Credo: An Epic Tale of the Dark Ages
- Author: Melvyn Bragg
- Genre: Historical fiction
- Published: 1996
- Publisher: Sceptre
- Pages: 800
- ISBN: 9-780-34066706-4

= Credo (novel) =

1996 novel by Melvyn Bragg

Credo: An Epic Tale of the Dark Ages is a historical fiction novel written by Melvyn Bragg and published in 1996. Bragg's sixteenth novel, it is set in the Celtic Christianity of seventh-century Britain.
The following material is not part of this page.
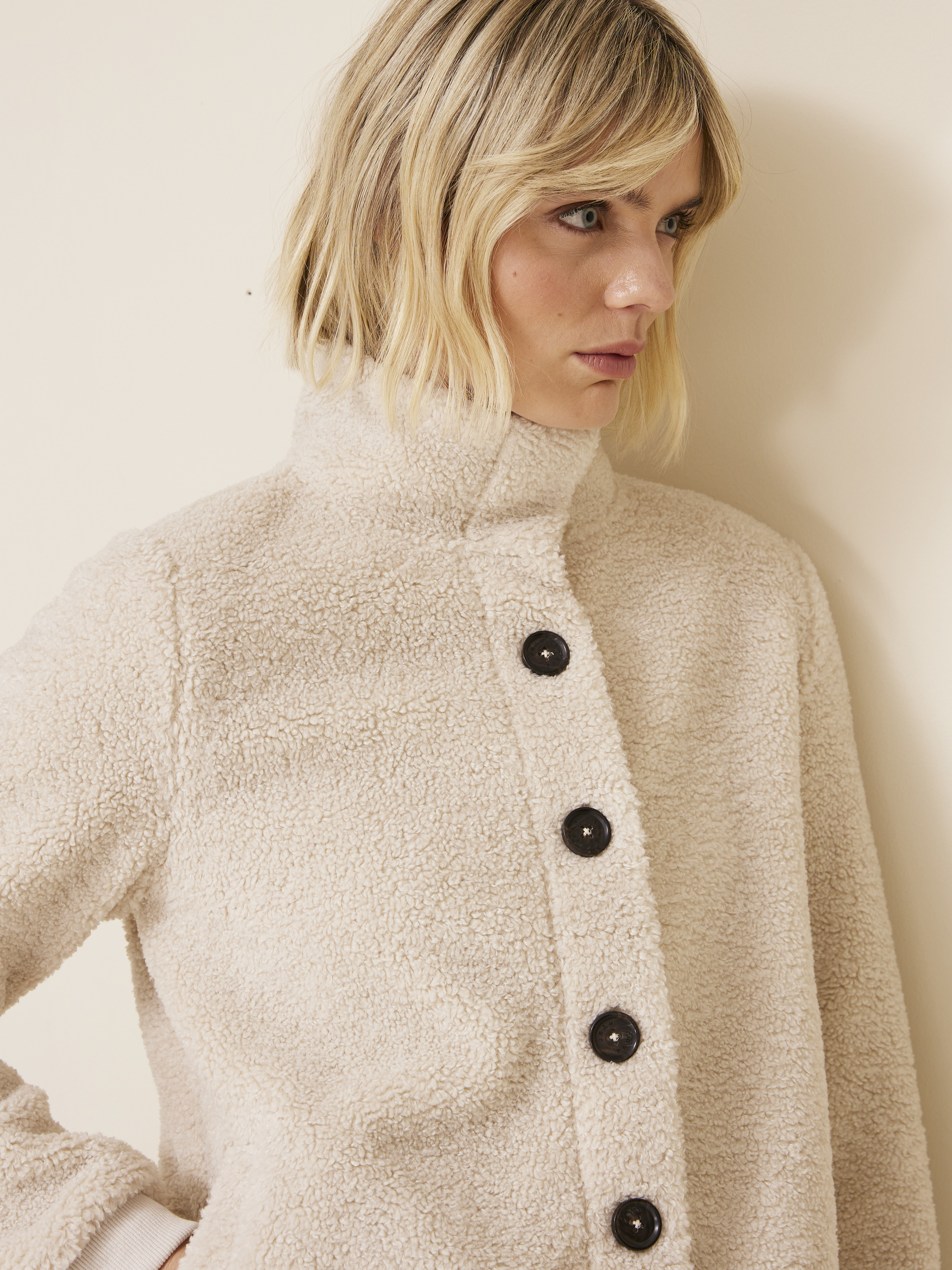 Halina jakke 7508870_O79-JEANPAUL-A24-Front_2422_Halina jakke O79_Halina jakke O79 7508870.jpg_Front||Front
Credo was published in the United States with the title The Sword and the Miracle.

== Plot ==
Credo's protagonist is a young Celtic princess, the semi-mythical St Bega. Bega and the fictional Prince Padric desire to marry against her father's wishes, and she vows celibacy to avoid an arranged marriage with a warrior. Bega founds a nunnery, while Padric fights the Saxons. Bega reflects on religious conscience and duty while Padric fights his arch-villain, Ecfrith.
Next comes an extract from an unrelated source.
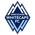 Vancouver Whitecaps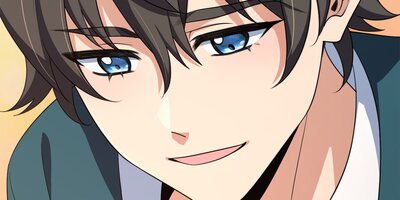 �������˽��ä��Τ�����ǭ�Ͻ����Ρ��� 118�áڥե륫�顼��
The story features venerated figures of the period, notably saints Cuthbert, Wilfrid, and Hilda, and features the Synod of Whitby.

== Reception ==
In a negative review for The Independent, Hugo Barnacle called Credo "a very hard slog". Barnacle criticised the book's difficult language, which included anachronisms, "occasional lapses in sentence construction", and "leadenness of the style". He accused Bragg of "fall[ing] into an ungainly pomposity" by "misguidedly trying to do posh prose".